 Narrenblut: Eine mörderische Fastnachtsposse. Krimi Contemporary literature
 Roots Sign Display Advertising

==

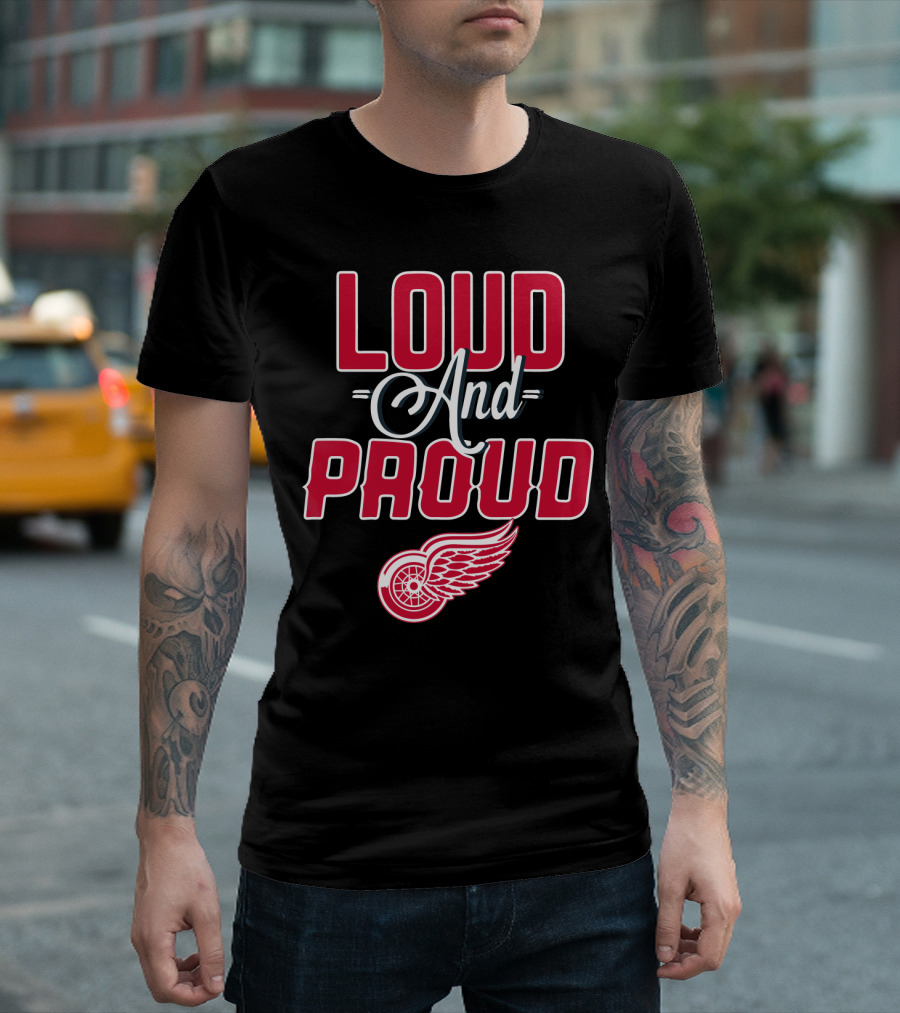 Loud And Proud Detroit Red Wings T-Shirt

→ **Instructions to follow**: Give back, word for word, only the lines above from the line holding "Narrenblut: Eine mörderische" to the line holding "Roots Sign Display Advertising", both included.

→ **Written answer**:
 Narrenblut: Eine mörderische Fastnachtsposse. Krimi Contemporary literature
 Roots Sign Display Advertising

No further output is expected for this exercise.